Dans le milieu cycliste, il existe, pour certains d’entre nous, des lieux de légende, des lieux mythiques, voire mystiques. Mais il existe surtout, pour Remco Evenepoel, un endroit maudit : le Tourmalet. Pourtant lieu symbolique du Tour de France — il est le col le plus emprunté par la Grande Boucle depuis sa création —, le géant pyrénéen s’est révélé, pour la deuxième fois, être un monstre presque infranchissable pour notre compatriote.

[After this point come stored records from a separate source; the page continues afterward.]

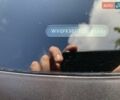 Синий Фольксваген Туарег, объемом двигателя 3 л и пробегом 280 тыс. км за 21800 $, фото 13 на Automoto.ua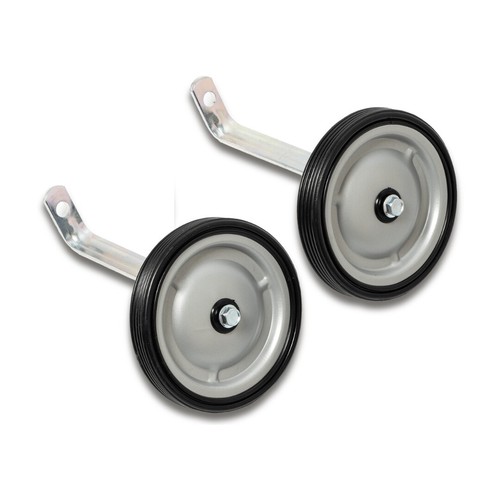 Puky aluminium stützräder - puky,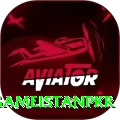 gameistanpkr Deluxe v1.0.5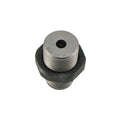 RCBS Trim Die 300 Weatherby Magnum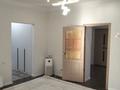 2-бөлмелі пәтер · 98.2 м² · 6/7 қабат, молдагулова, бағасы: 40 млн ₸ в Актобе — фото 3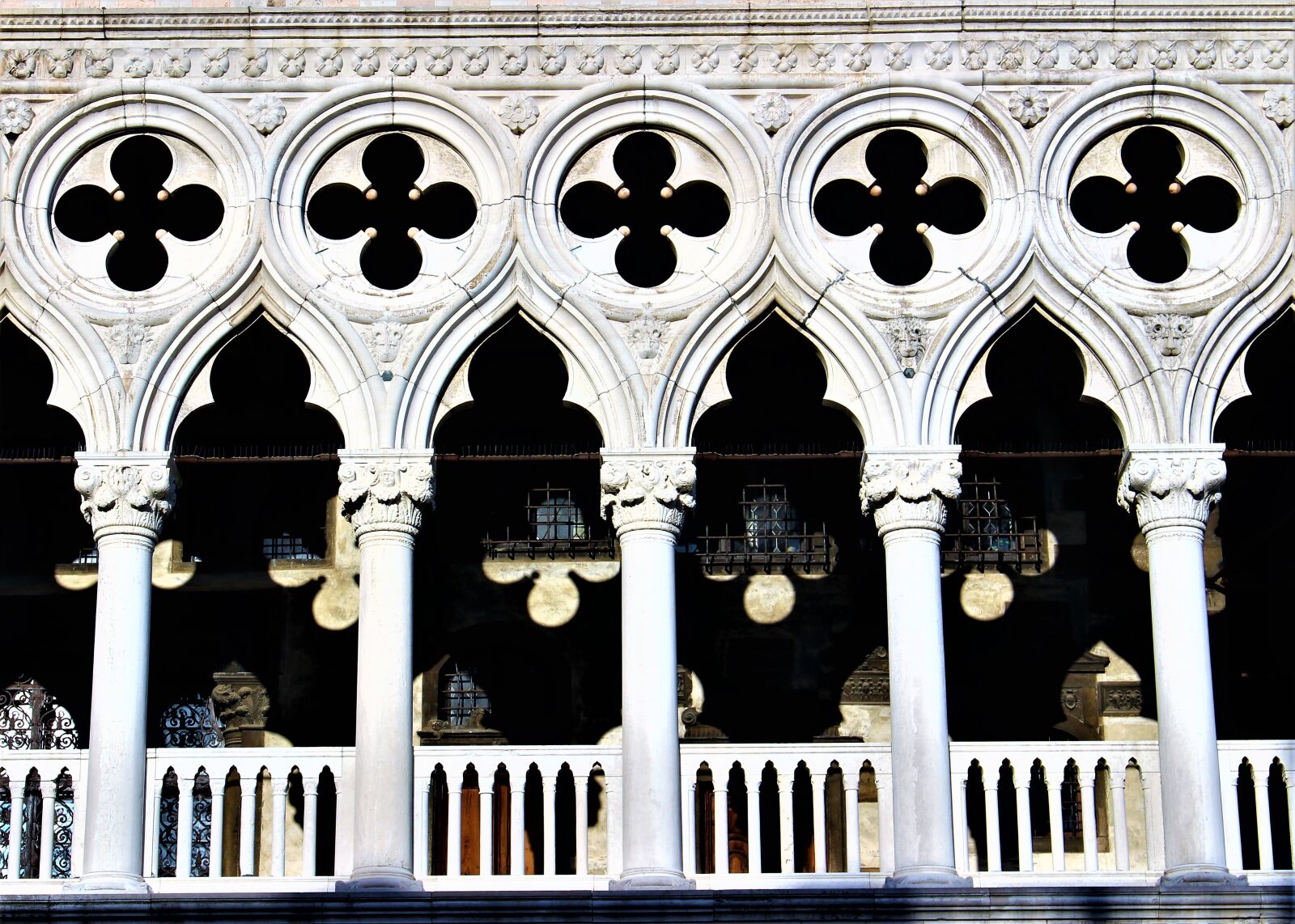Canon EOS 700D (EOS Rebel T5i / EOS Kiss X7i) sample photo. Venice, italy, the doge's photography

Petit retour en arrière : en 2023, lors de la Vuelta, maillot de champion de Belgique vissé sur les épaules, notre Remco national avait calé sur les pentes du même Tourmalet, alors qu’il était tenant du titre et l’un des favoris à sa propre succession. Mais là encore, il avait dû laisser ses illusions de victoire finale au terme d’une étape où il perdit plus de 30 minutes sur ses concurrents directs. Néanmoins, il ne s’agissait que d’un « jour sans ». Le temps perdu lui permit ensuite de mener à bien deux opérations commando pour accrocher à son palmarès deux victoires d’étape supplémentaires et le maillot de meilleur grimpeur.
Le Tourmalet 2025 s’est révélé encore plus impitoyable. Nous avons assisté à l’abandon du double champion olympique, à bout de forces. Si l’image est forte pour tout profane, elle l’est davantage pour le fan de la première heure. Entre incompréhension, voire tristesse de voir un champion de sa trempe poser pied à terre, se pose la question du pourquoi et du comment.

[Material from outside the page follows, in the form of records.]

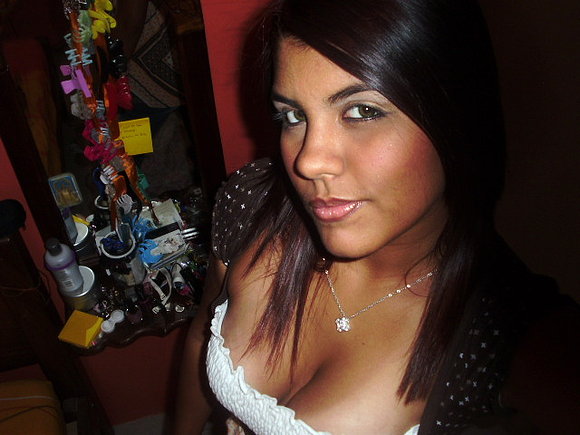 IOP!!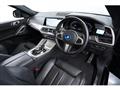 2021 BMW X6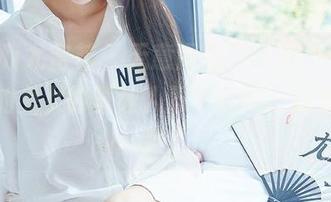 YouMi尤蜜荟 – 无意间点开网盘，H杯陈若初的兔女郎真让人忍不住问：这是在干嘛？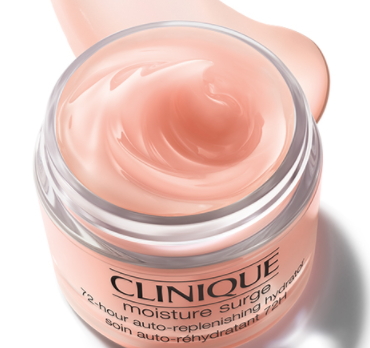 倩碧水磁场面霜和精华霜有什么区别,倩碧水磁场面霜好用吗 倩碧水磁场面霜和精华霜有什么区别,倩碧水磁场面霜好用吗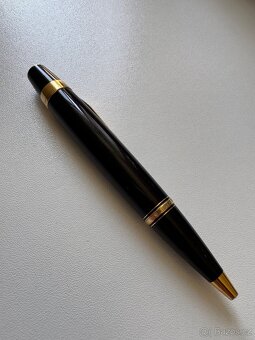 Montblanc - 2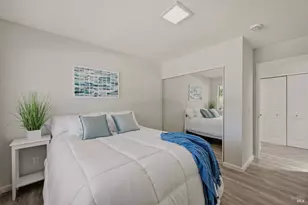 2151 W Steele Ln, Santa Rosa, CA 95403 - Photo 22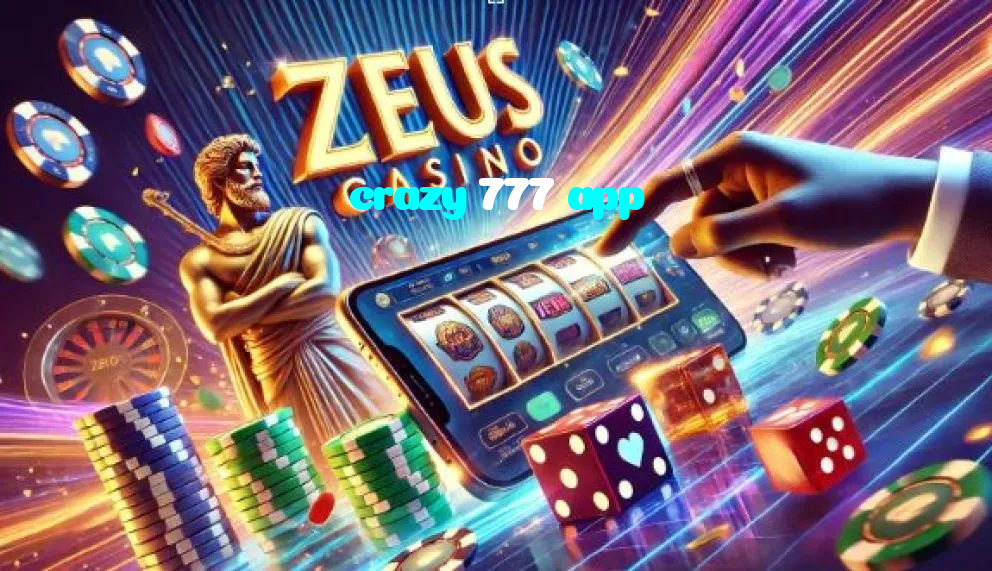 making first deposit on crazy 777 app website using local payment methods in Pakistan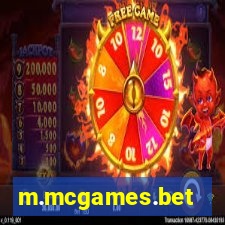 m.mcgames.bet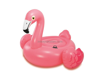 Picture of Flamingo floats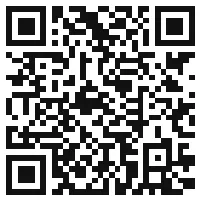 qr-200x200 (44).png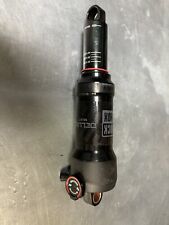 New rockshox deluxe for sale  Moab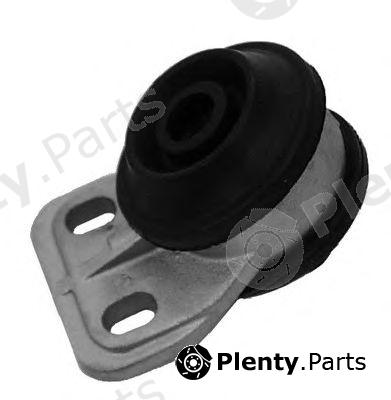  VEMA part 4444118 Bush, steering shaft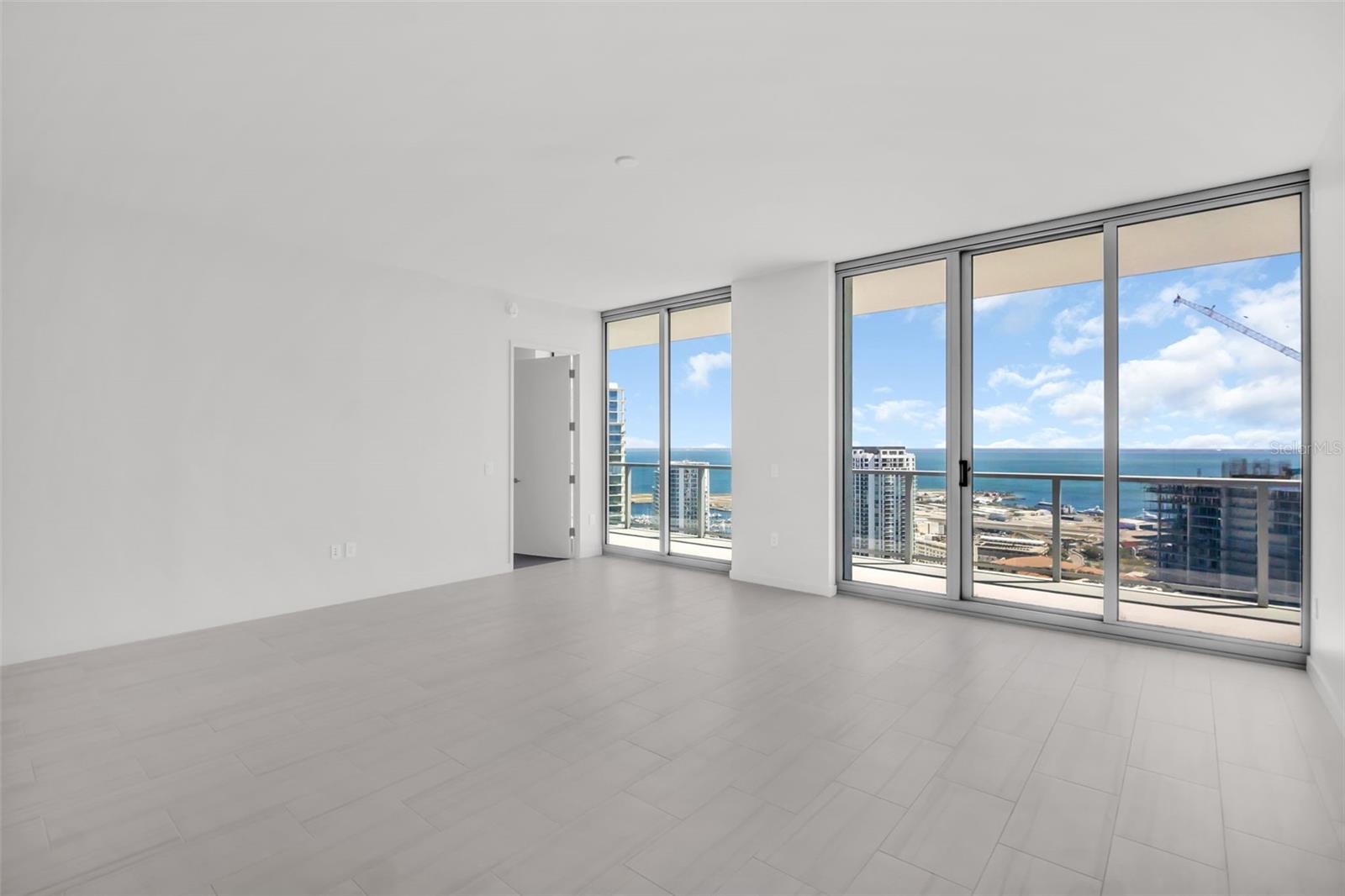 400 CENTRAL AVE #3606, ST PETERSBURG, FL, 33701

La nature du problème ? Nul ne sait vraiment. Le principal intéressé ne se l’explique pas :
« Je n’ai aucune idée de la raison pour laquelle ça ne va pas. On va examiner cela. Tout le monde sait que mon hiver a été horrible, mais qui sait s’il y a autre chose avec mon corps ? Je ne peux pas le dire à l’heure actuelle. »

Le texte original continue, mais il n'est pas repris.